The first ignores the lived reality of identity, meaning, and moral responsibility. The second often avoids clear thinking and accountability. What is needed is not choosing one side or the other, but stepping back and seeing a bigger picture that makes room for science, reason, and the deeper parts of human experience at the same time. A good explanation should fit what we observe, what we live, and what we know to be true about ourselves.
Essence as Wholeness Within Wholeness
At the center of this view is the idea of essence. Essence simply means what something truly is at its core. Essence is not a piece of a person, and it is not something you build by stacking parts together. It is whole in itself, even when it exists as part of something larger.
A helpful way to think about this is that something can be complete on its own and still belong to a greater whole without losing its identity. A cell is fully a cell, but it also belongs to a body. A person is fully a person, but also part of families, communities, and humanity as a whole. Each person fully reflects the image of God, but God is not divided or reduced because of that. Being connected does not mean being broken into pieces. Wholeness can exist within wholeness.
The Human Person as a Layered Being
When we apply this idea to ourselves, it becomes clear that we are not just bodies, and we are not just spirits floating around either. We are layered beings. The body is how we interact with the physical world. It lets us move, speak, work, and relate to others in concrete ways. The body matters, but it is not the source of who we are. It is more like an interface or a vessel.
The mind sits in between. It processes what the body experiences, but it also reaches toward meaning, values, choices, and reflection. This is why we often feel tension between impulse and conviction, desire and restraint. The spirit is the deepest part of who we are. It is the seat of identity, the part that makes you you. The spirit is not created by the body, and it is not destroyed when the body fails.

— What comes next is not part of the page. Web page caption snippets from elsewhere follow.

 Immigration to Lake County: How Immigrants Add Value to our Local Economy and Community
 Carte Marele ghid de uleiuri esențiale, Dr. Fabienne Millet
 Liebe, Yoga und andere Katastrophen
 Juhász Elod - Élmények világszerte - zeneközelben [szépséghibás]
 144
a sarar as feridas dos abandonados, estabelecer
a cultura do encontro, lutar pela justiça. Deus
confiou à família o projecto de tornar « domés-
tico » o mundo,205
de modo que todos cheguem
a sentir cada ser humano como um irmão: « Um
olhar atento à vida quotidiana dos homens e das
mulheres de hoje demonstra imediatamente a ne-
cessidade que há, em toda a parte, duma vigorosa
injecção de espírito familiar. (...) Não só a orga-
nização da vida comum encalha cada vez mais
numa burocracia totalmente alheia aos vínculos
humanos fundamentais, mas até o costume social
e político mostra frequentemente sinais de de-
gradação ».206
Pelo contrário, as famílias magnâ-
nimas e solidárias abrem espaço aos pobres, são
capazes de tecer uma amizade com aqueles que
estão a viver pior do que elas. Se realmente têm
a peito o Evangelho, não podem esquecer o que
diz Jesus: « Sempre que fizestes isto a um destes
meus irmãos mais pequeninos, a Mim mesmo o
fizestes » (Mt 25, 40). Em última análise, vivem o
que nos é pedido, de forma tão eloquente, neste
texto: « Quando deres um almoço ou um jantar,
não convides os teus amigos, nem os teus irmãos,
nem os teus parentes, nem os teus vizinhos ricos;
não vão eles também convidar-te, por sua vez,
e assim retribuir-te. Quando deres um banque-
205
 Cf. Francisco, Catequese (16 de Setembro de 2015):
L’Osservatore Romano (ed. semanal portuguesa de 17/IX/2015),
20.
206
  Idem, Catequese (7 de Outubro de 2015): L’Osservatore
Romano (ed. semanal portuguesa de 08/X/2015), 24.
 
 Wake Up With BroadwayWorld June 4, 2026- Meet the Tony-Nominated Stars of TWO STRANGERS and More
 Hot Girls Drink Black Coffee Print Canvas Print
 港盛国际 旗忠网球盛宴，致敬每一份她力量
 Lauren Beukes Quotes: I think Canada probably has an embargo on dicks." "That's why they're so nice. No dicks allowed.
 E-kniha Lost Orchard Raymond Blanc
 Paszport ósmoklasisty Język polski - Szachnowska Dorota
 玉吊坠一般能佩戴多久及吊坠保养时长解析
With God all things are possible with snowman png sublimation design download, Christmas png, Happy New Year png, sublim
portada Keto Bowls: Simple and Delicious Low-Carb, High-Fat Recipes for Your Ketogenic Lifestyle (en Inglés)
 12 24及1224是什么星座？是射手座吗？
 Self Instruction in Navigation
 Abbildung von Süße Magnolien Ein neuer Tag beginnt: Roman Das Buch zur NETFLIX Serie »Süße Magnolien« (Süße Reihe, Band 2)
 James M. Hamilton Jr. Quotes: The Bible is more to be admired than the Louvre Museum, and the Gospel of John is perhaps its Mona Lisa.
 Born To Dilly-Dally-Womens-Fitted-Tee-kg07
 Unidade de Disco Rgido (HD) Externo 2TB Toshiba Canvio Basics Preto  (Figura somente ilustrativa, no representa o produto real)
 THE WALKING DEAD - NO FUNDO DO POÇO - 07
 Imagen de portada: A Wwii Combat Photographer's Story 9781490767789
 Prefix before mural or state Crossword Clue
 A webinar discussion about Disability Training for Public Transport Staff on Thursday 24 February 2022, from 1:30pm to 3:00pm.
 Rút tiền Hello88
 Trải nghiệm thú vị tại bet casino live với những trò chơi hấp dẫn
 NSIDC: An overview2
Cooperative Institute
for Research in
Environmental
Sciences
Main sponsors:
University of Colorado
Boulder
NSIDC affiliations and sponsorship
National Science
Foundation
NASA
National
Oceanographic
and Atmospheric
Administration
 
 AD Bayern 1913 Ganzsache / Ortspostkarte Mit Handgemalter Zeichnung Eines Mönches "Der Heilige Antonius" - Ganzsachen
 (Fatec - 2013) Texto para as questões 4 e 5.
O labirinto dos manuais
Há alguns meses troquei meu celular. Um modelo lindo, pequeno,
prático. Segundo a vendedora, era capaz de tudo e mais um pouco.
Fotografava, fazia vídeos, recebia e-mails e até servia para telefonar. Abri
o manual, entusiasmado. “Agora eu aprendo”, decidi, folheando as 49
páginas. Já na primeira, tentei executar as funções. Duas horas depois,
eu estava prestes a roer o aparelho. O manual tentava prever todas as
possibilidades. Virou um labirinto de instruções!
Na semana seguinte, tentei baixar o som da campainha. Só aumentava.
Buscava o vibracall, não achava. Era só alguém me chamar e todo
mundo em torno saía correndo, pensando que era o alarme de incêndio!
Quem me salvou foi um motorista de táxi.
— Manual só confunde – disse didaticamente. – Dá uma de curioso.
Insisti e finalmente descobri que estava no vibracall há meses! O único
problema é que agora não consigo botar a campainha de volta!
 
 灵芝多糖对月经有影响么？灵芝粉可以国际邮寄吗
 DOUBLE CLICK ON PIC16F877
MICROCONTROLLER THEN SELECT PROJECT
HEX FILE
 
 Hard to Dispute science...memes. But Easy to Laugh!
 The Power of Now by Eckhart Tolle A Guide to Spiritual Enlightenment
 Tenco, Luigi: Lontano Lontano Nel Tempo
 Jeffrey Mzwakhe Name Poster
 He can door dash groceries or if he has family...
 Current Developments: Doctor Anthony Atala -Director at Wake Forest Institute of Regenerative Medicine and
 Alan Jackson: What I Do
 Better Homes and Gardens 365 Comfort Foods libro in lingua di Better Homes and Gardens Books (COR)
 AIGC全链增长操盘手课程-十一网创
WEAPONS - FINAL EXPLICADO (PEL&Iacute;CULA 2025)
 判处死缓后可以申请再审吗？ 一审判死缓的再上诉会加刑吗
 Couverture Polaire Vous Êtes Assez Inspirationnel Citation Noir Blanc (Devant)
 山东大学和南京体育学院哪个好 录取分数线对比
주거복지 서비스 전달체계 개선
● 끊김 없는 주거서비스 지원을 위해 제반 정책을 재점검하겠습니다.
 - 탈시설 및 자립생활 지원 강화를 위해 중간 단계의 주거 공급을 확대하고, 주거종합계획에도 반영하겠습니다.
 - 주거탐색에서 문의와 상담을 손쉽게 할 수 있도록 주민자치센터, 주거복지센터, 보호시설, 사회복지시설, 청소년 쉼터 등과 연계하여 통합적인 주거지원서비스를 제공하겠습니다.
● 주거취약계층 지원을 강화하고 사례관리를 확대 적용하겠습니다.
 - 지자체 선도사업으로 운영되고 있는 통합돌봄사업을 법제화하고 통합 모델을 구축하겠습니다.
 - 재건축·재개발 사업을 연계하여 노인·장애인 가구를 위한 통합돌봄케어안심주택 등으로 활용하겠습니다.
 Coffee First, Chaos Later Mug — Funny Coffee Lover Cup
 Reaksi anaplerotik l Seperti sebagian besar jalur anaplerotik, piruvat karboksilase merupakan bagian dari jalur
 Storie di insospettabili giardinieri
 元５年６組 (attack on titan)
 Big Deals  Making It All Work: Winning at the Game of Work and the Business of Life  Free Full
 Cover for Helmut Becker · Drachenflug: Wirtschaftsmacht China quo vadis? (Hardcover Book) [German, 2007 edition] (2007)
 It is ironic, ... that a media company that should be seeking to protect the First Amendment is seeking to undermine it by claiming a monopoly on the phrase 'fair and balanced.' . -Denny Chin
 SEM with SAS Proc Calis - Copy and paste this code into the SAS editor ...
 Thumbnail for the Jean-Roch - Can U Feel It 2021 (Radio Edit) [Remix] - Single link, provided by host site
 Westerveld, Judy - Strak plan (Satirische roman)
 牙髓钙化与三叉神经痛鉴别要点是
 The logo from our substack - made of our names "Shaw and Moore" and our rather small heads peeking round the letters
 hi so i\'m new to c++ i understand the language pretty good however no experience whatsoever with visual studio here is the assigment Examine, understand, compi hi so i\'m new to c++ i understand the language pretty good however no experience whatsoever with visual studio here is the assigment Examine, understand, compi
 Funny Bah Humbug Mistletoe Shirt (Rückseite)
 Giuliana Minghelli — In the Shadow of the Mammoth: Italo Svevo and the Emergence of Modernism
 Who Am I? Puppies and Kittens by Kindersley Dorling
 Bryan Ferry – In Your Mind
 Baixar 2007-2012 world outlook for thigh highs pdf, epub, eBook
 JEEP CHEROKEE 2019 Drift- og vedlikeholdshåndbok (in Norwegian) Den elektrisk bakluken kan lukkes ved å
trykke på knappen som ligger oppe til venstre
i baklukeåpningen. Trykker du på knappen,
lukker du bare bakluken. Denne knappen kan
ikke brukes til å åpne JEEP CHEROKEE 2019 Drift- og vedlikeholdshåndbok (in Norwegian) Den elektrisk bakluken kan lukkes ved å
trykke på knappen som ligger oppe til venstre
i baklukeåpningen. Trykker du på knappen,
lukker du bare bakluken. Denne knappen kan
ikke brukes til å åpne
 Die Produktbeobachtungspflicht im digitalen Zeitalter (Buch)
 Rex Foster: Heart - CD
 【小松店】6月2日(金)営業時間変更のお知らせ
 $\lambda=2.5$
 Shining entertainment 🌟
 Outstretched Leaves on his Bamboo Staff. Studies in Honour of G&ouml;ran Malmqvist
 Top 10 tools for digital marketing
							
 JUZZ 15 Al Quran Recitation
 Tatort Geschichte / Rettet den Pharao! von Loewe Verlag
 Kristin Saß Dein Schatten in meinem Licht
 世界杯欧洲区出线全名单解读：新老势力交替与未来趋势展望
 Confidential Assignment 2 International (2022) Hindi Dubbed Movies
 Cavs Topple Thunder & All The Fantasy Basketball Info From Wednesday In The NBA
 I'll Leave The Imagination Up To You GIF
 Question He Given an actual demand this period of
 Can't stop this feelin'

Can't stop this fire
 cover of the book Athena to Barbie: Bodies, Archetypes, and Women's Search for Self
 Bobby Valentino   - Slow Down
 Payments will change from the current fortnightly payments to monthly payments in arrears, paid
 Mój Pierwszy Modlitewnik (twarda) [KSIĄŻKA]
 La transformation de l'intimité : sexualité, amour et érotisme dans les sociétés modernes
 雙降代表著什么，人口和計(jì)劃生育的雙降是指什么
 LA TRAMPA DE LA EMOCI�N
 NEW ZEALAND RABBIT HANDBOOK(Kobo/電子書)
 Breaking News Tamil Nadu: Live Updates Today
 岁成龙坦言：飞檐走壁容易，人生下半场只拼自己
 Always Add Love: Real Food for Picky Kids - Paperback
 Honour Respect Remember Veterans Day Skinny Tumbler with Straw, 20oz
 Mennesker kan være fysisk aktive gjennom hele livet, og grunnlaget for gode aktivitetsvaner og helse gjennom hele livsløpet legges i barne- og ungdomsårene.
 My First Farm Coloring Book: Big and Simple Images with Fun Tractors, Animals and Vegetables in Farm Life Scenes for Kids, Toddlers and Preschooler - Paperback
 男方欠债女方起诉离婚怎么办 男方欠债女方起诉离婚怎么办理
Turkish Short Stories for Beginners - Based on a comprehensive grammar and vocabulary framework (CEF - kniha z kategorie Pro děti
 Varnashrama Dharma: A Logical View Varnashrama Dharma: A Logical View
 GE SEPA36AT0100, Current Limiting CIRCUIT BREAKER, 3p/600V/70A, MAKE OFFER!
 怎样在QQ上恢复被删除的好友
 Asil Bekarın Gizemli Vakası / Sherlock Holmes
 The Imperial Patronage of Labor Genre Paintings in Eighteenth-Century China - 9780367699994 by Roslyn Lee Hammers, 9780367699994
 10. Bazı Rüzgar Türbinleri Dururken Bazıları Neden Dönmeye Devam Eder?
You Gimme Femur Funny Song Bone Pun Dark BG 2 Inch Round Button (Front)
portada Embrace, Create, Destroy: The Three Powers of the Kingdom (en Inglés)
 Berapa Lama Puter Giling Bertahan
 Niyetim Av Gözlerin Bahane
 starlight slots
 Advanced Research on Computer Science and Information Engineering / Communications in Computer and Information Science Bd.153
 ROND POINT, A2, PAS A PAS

Why You Are Still You Even When Consciousness Is Interrupted
This layered understanding explains something we all already know intuitively. We remain ourselves even when our awareness shuts down or is disrupted. When we sleep, go under anesthesia, experience trauma, or fall into a coma, we do not stop existing. Our ability to express ourselves or interact with the world may pause or change, but our identity does not disappear.
This strongly suggests that who we are is not the same thing as constant brain activity. The body and brain affect how the self is expressed, not whether the self exists. A broken or offline interface does not erase the person behind it. This distinction helps explain why identity feels continuous even when consciousness is not.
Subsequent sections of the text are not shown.